§ **Work to complete**: Leaving the pictures aside, reproduce the data in full and word for word.
+++ Data
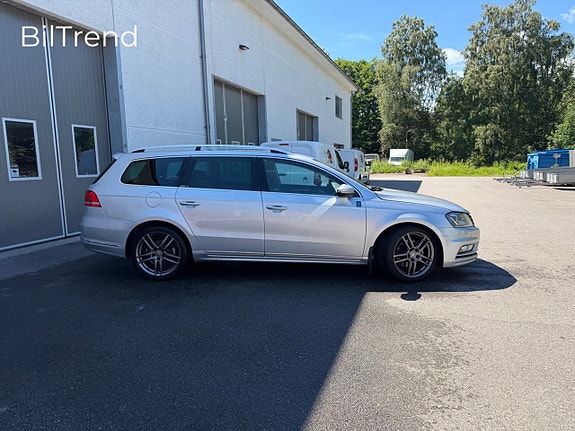 Volkswagen Passat 2 of 21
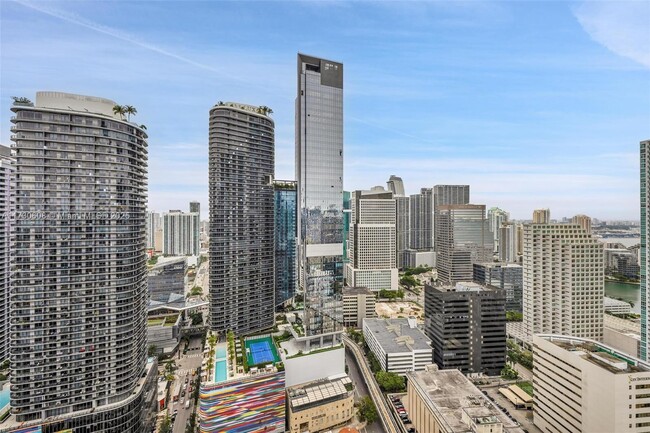 Building Photo - 1000 Brickell Plaza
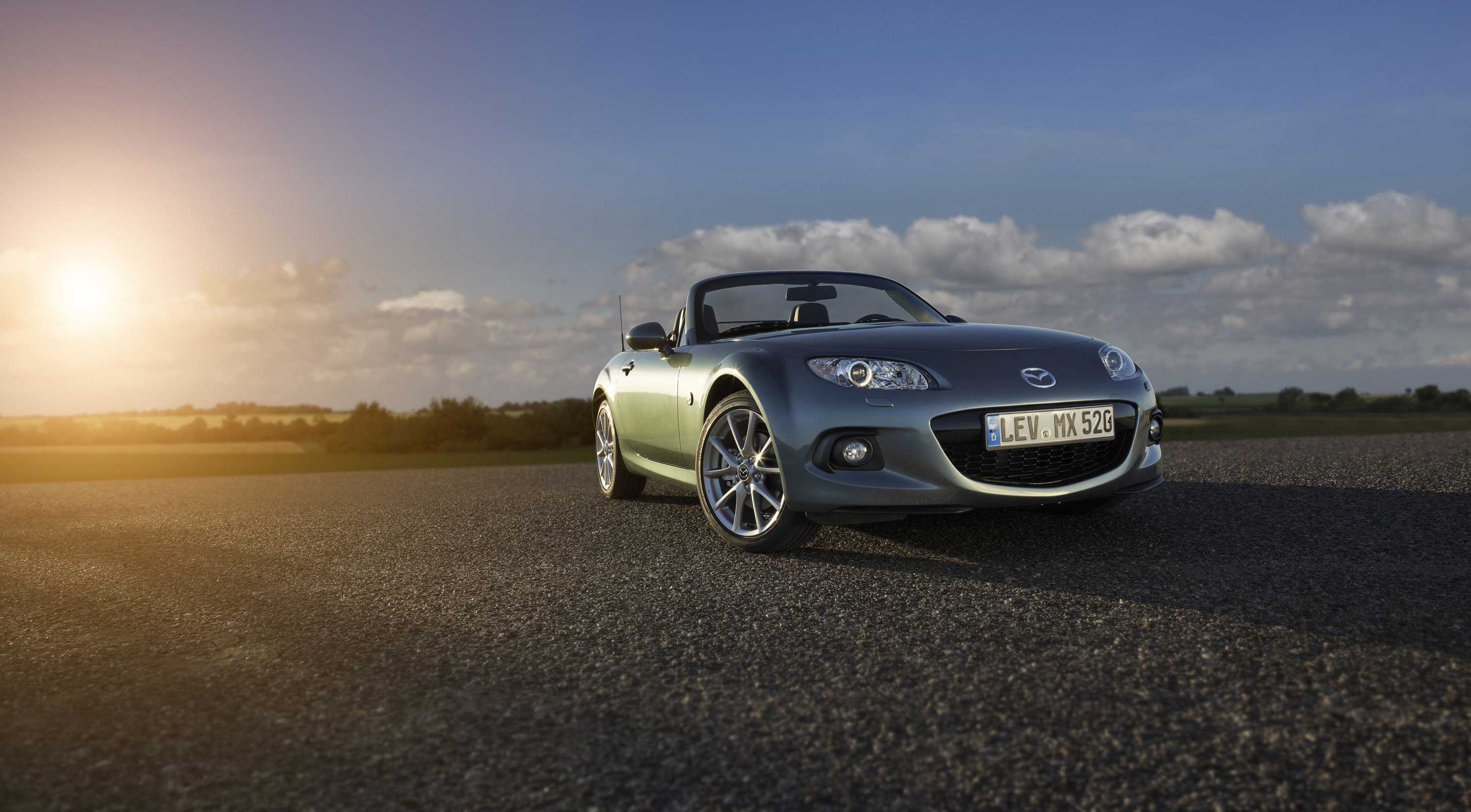 Mazda MX-5 photo #12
++++++
§ **Result of this task**:
 Volkswagen Passat 2 of 21
 Building Photo - 1000 Brickell Plaza
 Mazda MX-5 photo #12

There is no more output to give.